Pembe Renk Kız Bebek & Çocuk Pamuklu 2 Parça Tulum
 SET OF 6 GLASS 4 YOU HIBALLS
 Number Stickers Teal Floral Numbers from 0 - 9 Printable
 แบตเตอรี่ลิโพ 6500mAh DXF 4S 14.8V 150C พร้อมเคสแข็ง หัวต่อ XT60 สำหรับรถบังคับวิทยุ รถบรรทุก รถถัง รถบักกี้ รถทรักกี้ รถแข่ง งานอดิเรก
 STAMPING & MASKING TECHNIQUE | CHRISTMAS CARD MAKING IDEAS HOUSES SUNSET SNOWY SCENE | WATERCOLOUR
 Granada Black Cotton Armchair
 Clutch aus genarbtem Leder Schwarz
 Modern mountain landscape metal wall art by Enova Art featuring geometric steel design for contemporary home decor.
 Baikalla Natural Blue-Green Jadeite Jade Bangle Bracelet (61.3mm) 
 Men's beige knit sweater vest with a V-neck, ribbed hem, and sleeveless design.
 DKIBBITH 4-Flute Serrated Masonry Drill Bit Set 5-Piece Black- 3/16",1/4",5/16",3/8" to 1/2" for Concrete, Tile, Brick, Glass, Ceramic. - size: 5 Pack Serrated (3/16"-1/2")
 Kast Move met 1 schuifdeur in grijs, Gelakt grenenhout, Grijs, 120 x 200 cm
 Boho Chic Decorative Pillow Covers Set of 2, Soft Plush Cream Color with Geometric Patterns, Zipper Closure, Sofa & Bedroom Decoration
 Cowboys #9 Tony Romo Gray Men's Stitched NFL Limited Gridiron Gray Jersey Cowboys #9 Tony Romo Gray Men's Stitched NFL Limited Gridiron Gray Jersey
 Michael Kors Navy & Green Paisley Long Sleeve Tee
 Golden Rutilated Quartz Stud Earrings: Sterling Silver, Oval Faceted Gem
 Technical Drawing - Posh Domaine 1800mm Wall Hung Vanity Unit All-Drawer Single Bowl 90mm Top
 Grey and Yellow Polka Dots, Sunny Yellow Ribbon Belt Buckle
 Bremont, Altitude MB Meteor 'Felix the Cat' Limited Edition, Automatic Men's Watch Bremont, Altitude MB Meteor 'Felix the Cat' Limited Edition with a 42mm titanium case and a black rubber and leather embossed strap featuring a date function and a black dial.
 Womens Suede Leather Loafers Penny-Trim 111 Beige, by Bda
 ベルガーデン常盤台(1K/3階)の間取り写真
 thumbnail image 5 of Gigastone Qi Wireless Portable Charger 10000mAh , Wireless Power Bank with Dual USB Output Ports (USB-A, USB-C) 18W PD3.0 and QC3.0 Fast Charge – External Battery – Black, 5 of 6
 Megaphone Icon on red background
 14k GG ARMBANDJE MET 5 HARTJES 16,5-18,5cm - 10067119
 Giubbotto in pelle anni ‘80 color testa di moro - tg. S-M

[What is expected]
Your response should consist of the data above, duplicated exactly.

[Task response]
Pembe Renk Kız Bebek & Çocuk Pamuklu 2 Parça Tulum
 SET OF 6 GLASS 4 YOU HIBALLS
 Number Stickers Teal Floral Numbers from 0 - 9 Printable
 แบตเตอรี่ลิโพ 6500mAh DXF 4S 14.8V 150C พร้อมเคสแข็ง หัวต่อ XT60 สำหรับรถบังคับวิทยุ รถบรรทุก รถถัง รถบักกี้ รถทรักกี้ รถแข่ง งานอดิเรก
 STAMPING & MASKING TECHNIQUE | CHRISTMAS CARD MAKING IDEAS HOUSES SUNSET SNOWY SCENE | WATERCOLOUR
 Granada Black Cotton Armchair
 Clutch aus genarbtem Leder Schwarz
 Modern mountain landscape metal wall art by Enova Art featuring geometric steel design for contemporary home decor.
 Baikalla Natural Blue-Green Jadeite Jade Bangle Bracelet (61.3mm) 
 Men's beige knit sweater vest with a V-neck, ribbed hem, and sleeveless design.
 DKIBBITH 4-Flute Serrated Masonry Drill Bit Set 5-Piece Black- 3/16",1/4",5/16",3/8" to 1/2" for Concrete, Tile, Brick, Glass, Ceramic. - size: 5 Pack Serrated (3/16"-1/2")
 Kast Move met 1 schuifdeur in grijs, Gelakt grenenhout, Grijs, 120 x 200 cm
 Boho Chic Decorative Pillow Covers Set of 2, Soft Plush Cream Color with Geometric Patterns, Zipper Closure, Sofa & Bedroom Decoration
 Cowboys #9 Tony Romo Gray Men's Stitched NFL Limited Gridiron Gray Jersey Cowboys #9 Tony Romo Gray Men's Stitched NFL Limited Gridiron Gray Jersey
 Michael Kors Navy & Green Paisley Long Sleeve Tee
 Golden Rutilated Quartz Stud Earrings: Sterling Silver, Oval Faceted Gem
 Technical Drawing - Posh Domaine 1800mm Wall Hung Vanity Unit All-Drawer Single Bowl 90mm Top
 Grey and Yellow Polka Dots, Sunny Yellow Ribbon Belt Buckle
 Bremont, Altitude MB Meteor 'Felix the Cat' Limited Edition, Automatic Men's Watch Bremont, Altitude MB Meteor 'Felix the Cat' Limited Edition with a 42mm titanium case and a black rubber and leather embossed strap featuring a date function and a black dial.
 Womens Suede Leather Loafers Penny-Trim 111 Beige, by Bda
 ベルガーデン常盤台(1K/3階)の間取り写真
 thumbnail image 5 of Gigastone Qi Wireless Portable Charger 10000mAh , Wireless Power Bank with Dual USB Output Ports (USB-A, USB-C) 18W PD3.0 and QC3.0 Fast Charge – External Battery – Black, 5 of 6
 Megaphone Icon on red background
 14k GG ARMBANDJE MET 5 HARTJES 16,5-18,5cm - 10067119
 Giubbotto in pelle anni ‘80 color testa di moro - tg. S-M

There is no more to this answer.